Оказалось, что в кооперативе надо, всё-таки что-то делать.
Председатель кооператива популярно объяснил:
– Здесь не государственное предприятие, здесь хоть не много, но работать надо. Причём мы сами себе хозяева: не на государство работаем, а на меня, то есть на себя!
На себя или на него я работал, я так и не понял.
Кооператив, в который я был принят на время учёбы в выпускном классе сына Председателя кооператива, официально предоставлял услуги общественного питания, а неофициально – общественного спаивания. Причём наш кооператив организовывал только коллективные пьянки (юбилеи, похороны, свадьбы, разводы и т. п.). Как объяснил Председатель, индивидуальное питание, осуществляется, как правило, на трезвую голову, а коллективное почти всегда – на пьяную.
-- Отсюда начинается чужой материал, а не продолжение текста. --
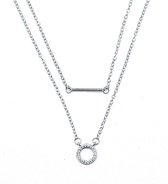 Ketting Dames- Hip Layer 2 lagen Ketting- Zilver 925- Staafje Diamant Rondje- Vrouw- LiLaLove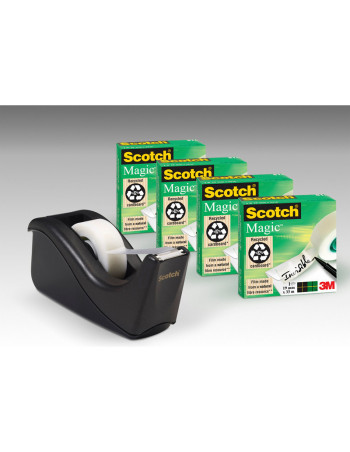 Tape Magic 19mmx33m 4rl + 1 sort C60 dispenser -  2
– Водка, водка и ещё раз водка, – объяснил своё кредо председатель, – и к концу пьянки посетителей хоть помоями корми, всё равно доволен будет!
То, что присутствие трезвых посетителей в нашем кооперативе нежелательно, я понял по тому, что всем работникам кооператива Председатель настоятельно рекомендовал даже не пробовать то, что готовится в кооперативе. Можно или нет пробовать спиртные напитки, которые были в кооперативе, Председатель не говорил и, поэтому, все мы их пробовали, благо их было много и доставались они бесплатно. Бесплатными они были потому, что их поставка в качестве паевого взноса осуществлялась бывшим таксистом, выгнанным из таксопарка в годы борьбы с пьянством за работу в качестве винно-водочного магазина на колёсах. Средство доставки у таксиста отобрали, но источник поступления винно-водочных изделий остался.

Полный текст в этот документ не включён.